[Recorded data]:
┌──
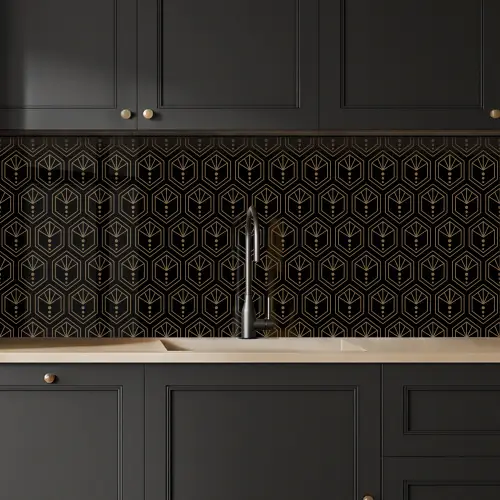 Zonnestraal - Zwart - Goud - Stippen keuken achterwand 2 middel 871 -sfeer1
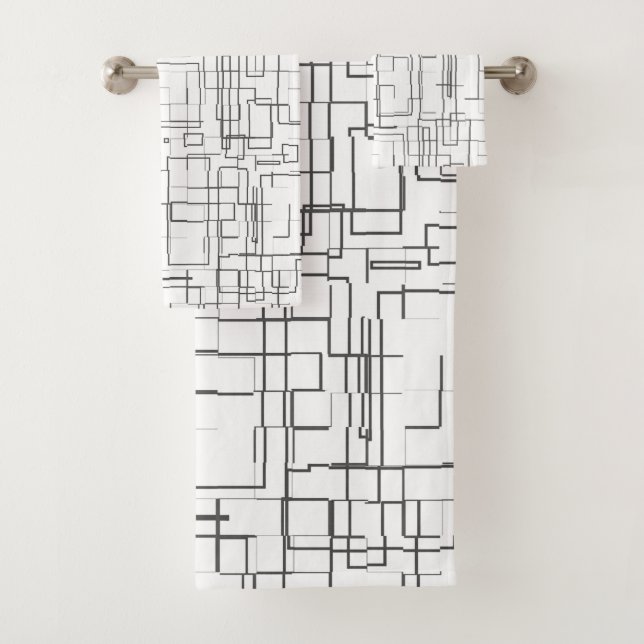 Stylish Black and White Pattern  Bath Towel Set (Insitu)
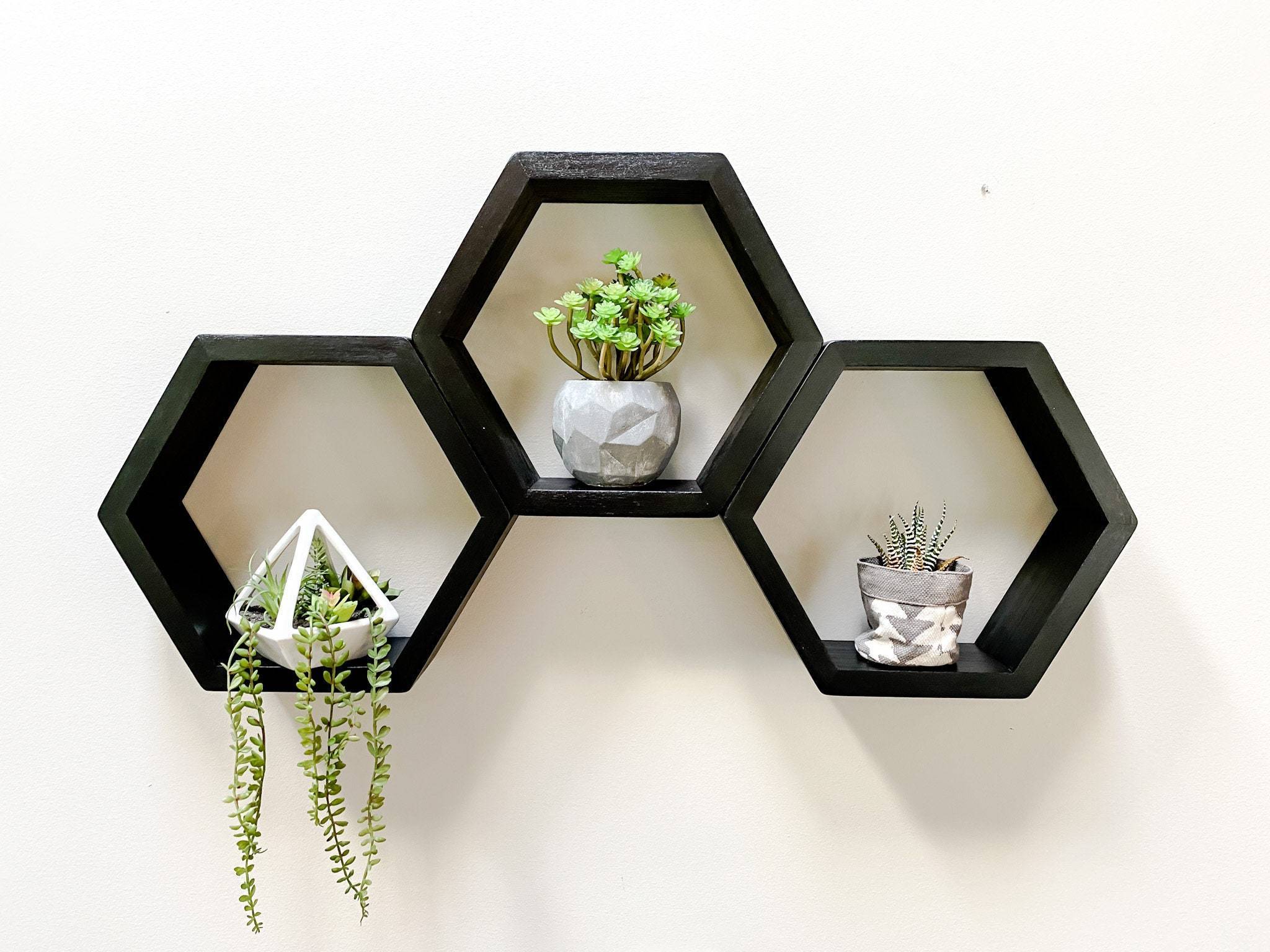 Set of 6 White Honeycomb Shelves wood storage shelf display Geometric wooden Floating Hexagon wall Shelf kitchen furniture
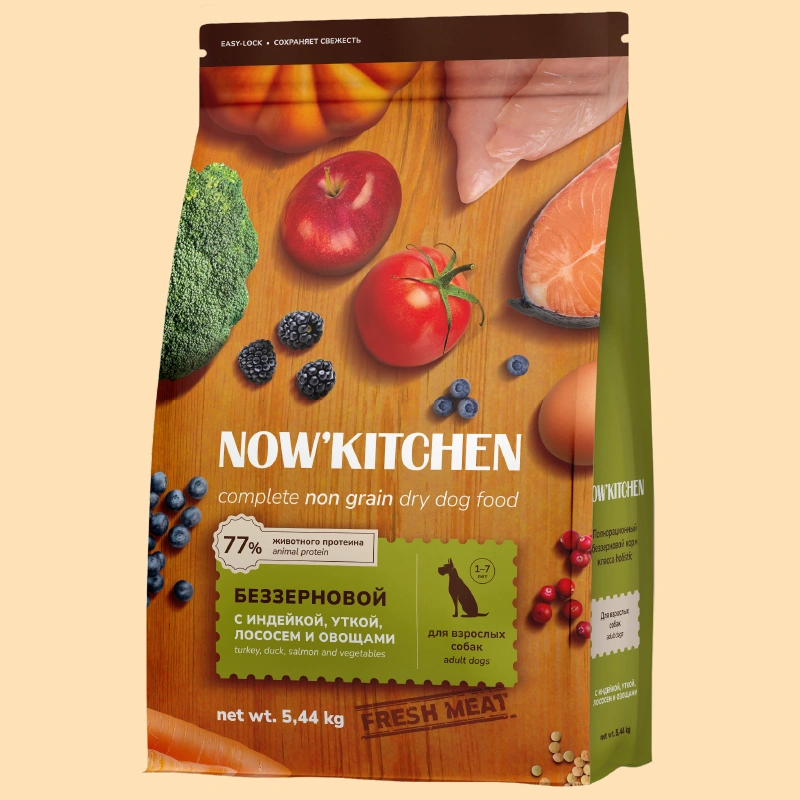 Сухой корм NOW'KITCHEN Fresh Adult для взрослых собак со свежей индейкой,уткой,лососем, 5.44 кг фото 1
└──
┌──
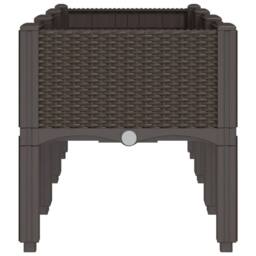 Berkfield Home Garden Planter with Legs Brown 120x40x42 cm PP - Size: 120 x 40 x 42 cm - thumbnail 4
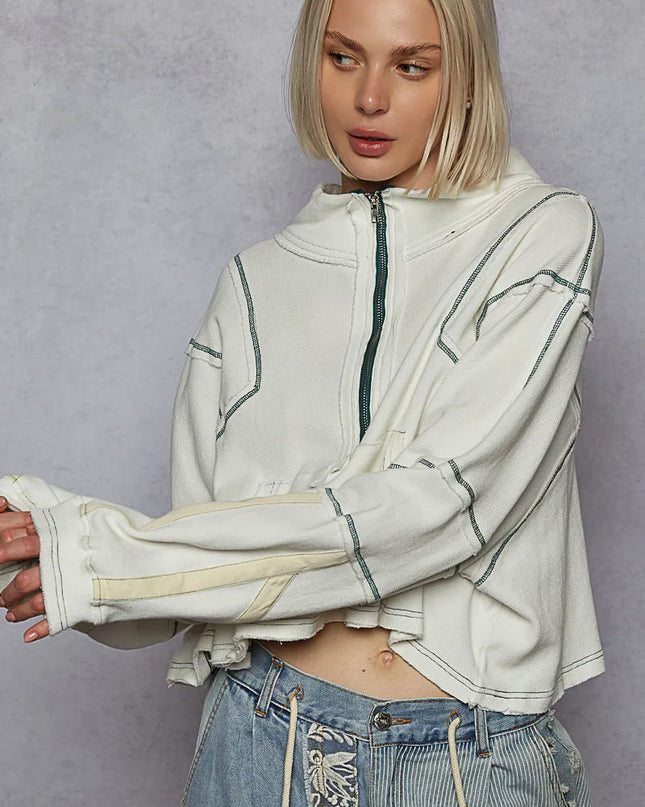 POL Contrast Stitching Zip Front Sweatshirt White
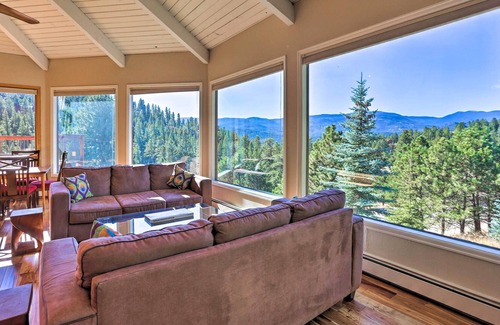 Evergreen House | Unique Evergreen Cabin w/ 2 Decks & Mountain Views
└──
┌──
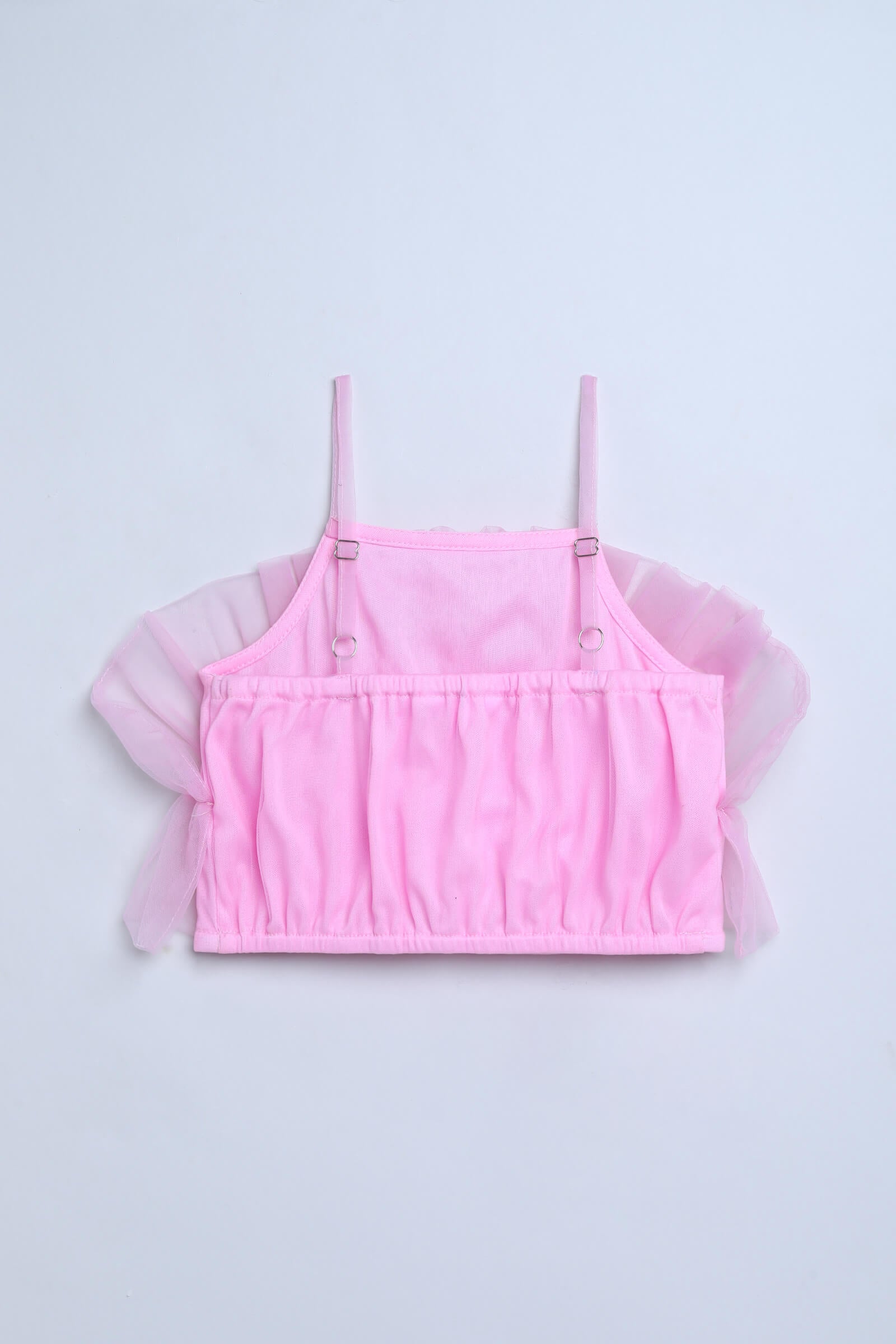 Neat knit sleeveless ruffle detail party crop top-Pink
└──
[Problem]:
Range to print from the listing above: from the line with "POL Contrast Stitching" up to and including the line with "Evergreen House |". Please print those lines exactly, with no pictures and nothing more.

[Output for this task]:
 POL Contrast Stitching Zip Front Sweatshirt White
 Evergreen House | Unique Evergreen Cabin w/ 2 Decks & Mountain Views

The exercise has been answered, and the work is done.